> _AVAILABLE RECORDS_:

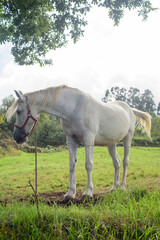 Obraz premium Caballo blanco en ladera de monte verde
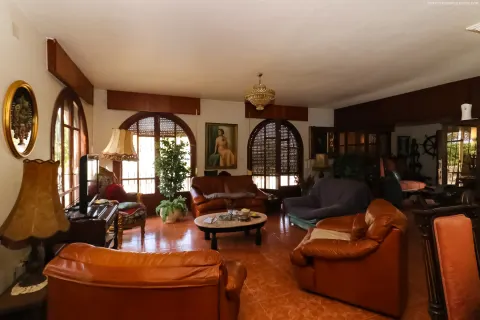 Villa Torrevieja, sīktēls 14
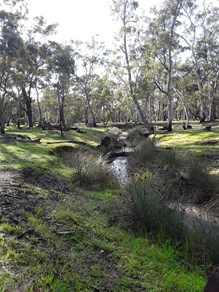 Mataranka 6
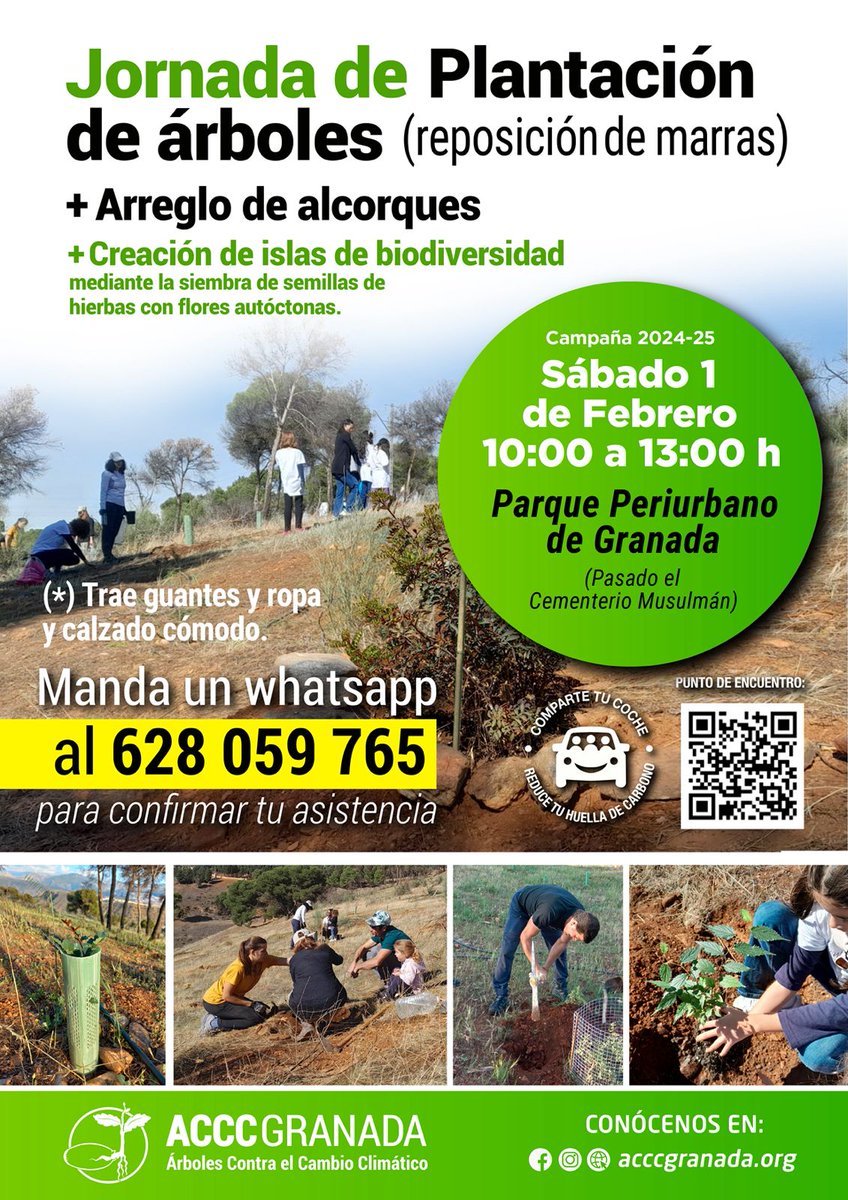 🌲🌲Árboles Contra el Cambio Climático Granada🌳🌳 (@acccgranada0) on Twitter photo 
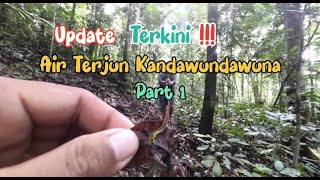 Perjalanan Menuju Air Terjun Kandawu-ndawuna Kapontori #AirterjunKandawundawuna #AirTerjunKapontori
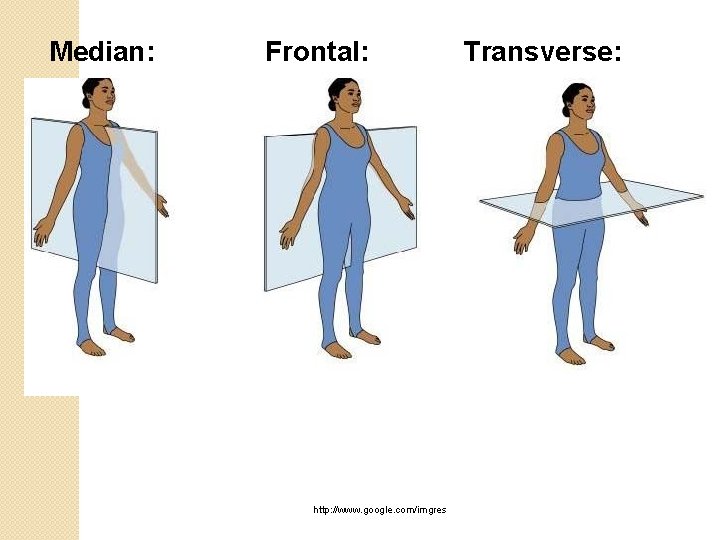 Median: Frontal: http: //www. google. com/imgres Transverse: 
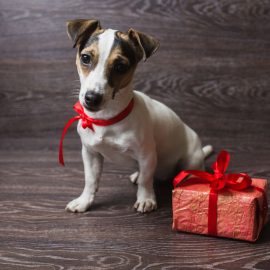 božična darila za psa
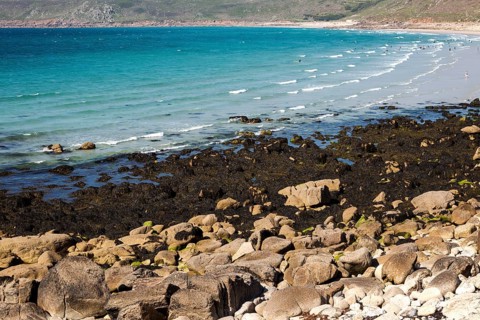 Coastal scenery rocky foreshore, Sennan Cove, Land's End, Cornwall, England, UK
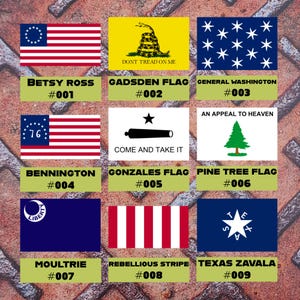 Può includere: Una collezione di nove bandiere storiche, ognuna con un design e un nome unici. Le bandiere includono le bandiere Betsy Ross, Gadsden, General Washington, Bennington, Gonzales, Pine Tree, Moultrie, Rebellious Stripe e Texas Zavala. Ogni bandiera è numerata.
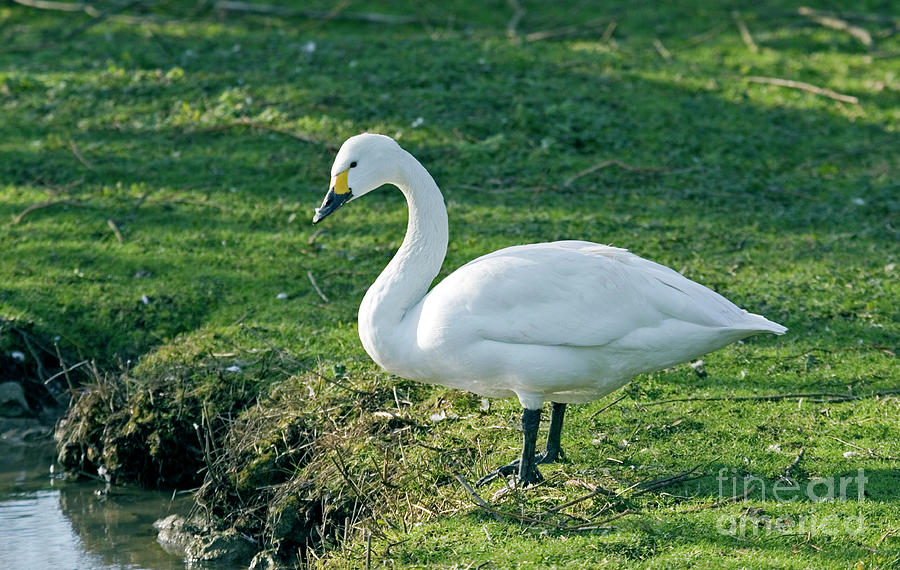 Bewicks Swan Photograph by John Devries/science Photo Library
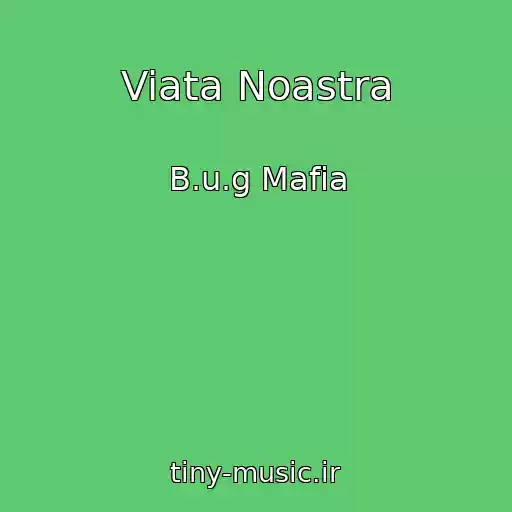 کاور آهنگ Viata Noastra از B.u.g Mafia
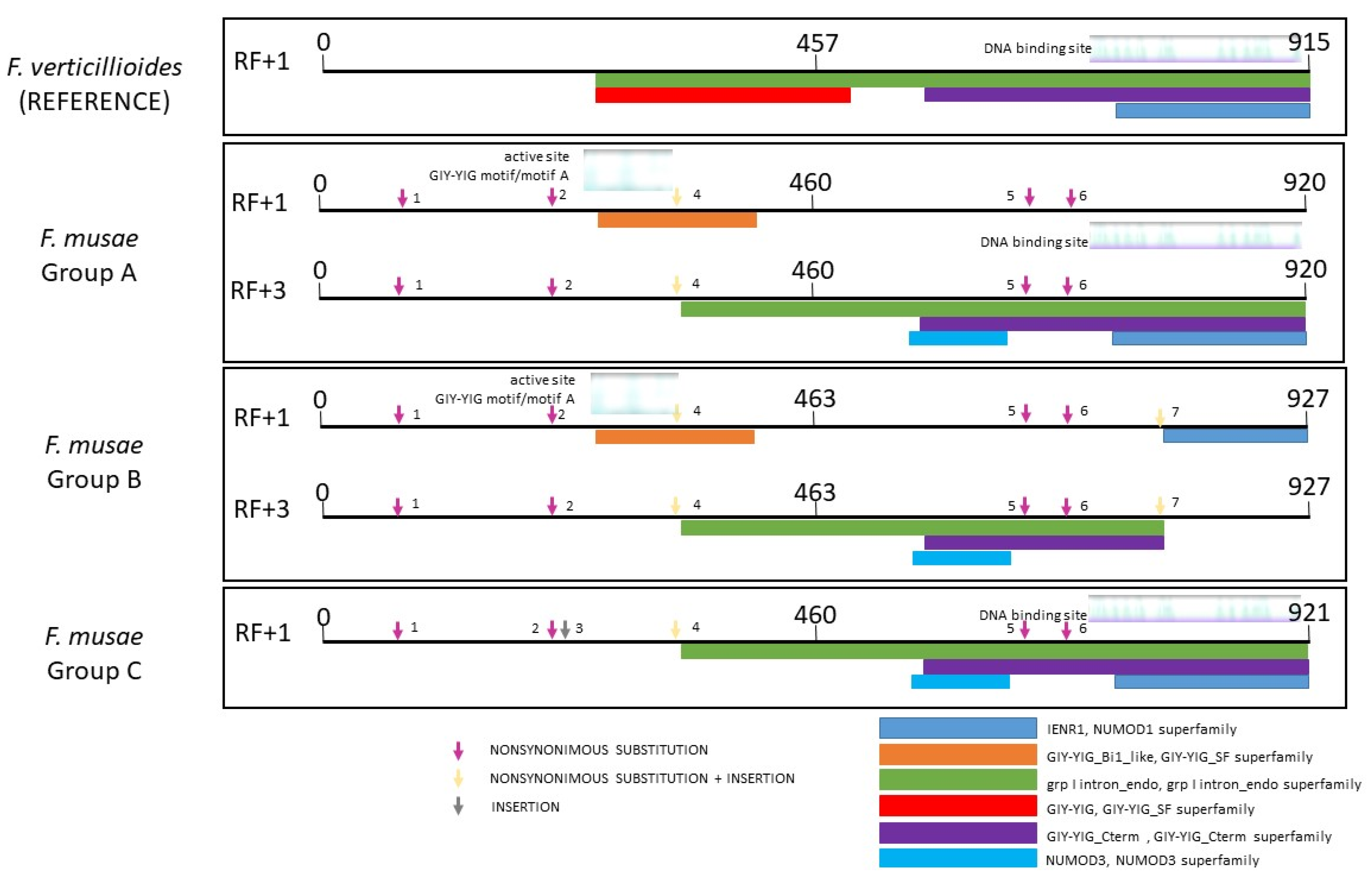 Microorganisms 10 01115 g003 Microorganisms 10 01115 g003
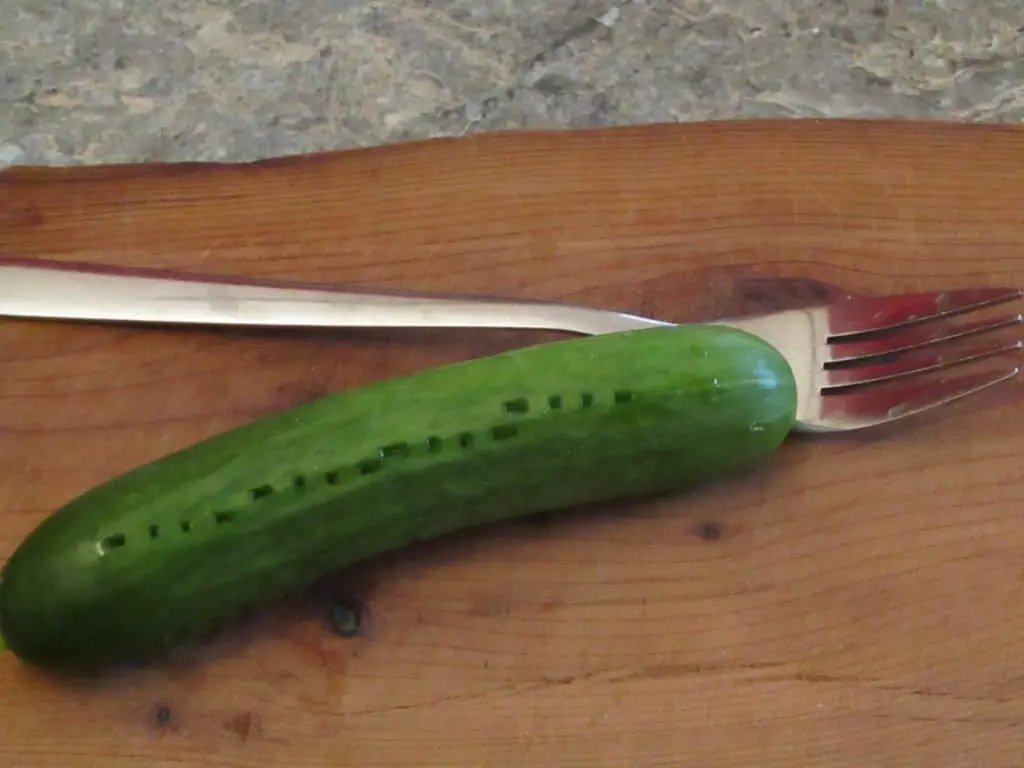 Cucumber stabbed with a fork several times
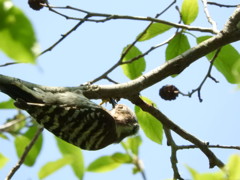 コンコン♪ 工事中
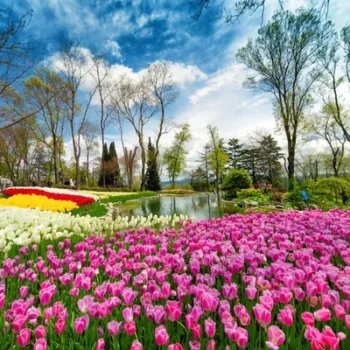 Turkiye Plus Dubai in Spring (Special Tulip Emirgan) | 03 - 11 April 2026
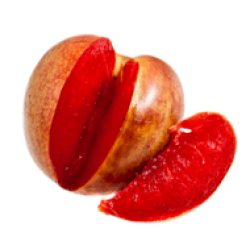 Гибриды плодовых деревьев Гибриды плодовых деревьев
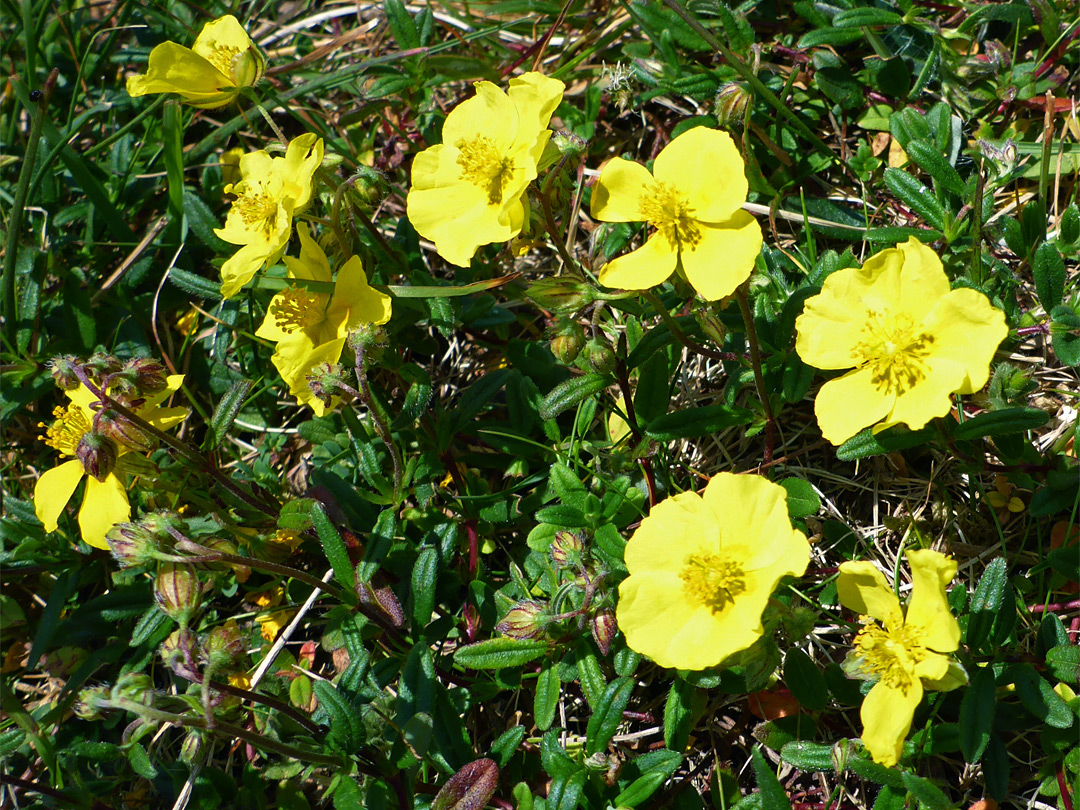 Flowers and leaves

> _YOUR TASK_: Beginning at the line that holds "Può includere: Una" and ending with the last line of the entries, please set down each line exactly, leaving every picture out.

> _OUTPUT_:
 Può includere: Una collezione di nove bandiere storiche, ognuna con un design e un nome unici. Le bandiere includono le bandiere Betsy Ross, Gadsden, General Washington, Bennington, Gonzales, Pine Tree, Moultrie, Rebellious Stripe e Texas Zavala. Ogni bandiera è numerata.
 Bewicks Swan Photograph by John Devries/science Photo Library
 کاور آهنگ Viata Noastra از B.u.g Mafia
 Microorganisms 10 01115 g003 Microorganisms 10 01115 g003
 Cucumber stabbed with a fork several times
 コンコン♪ 工事中
 Turkiye Plus Dubai in Spring (Special Tulip Emirgan) | 03 - 11 April 2026
 Гибриды плодовых деревьев Гибриды плодовых деревьев
 Flowers and leaves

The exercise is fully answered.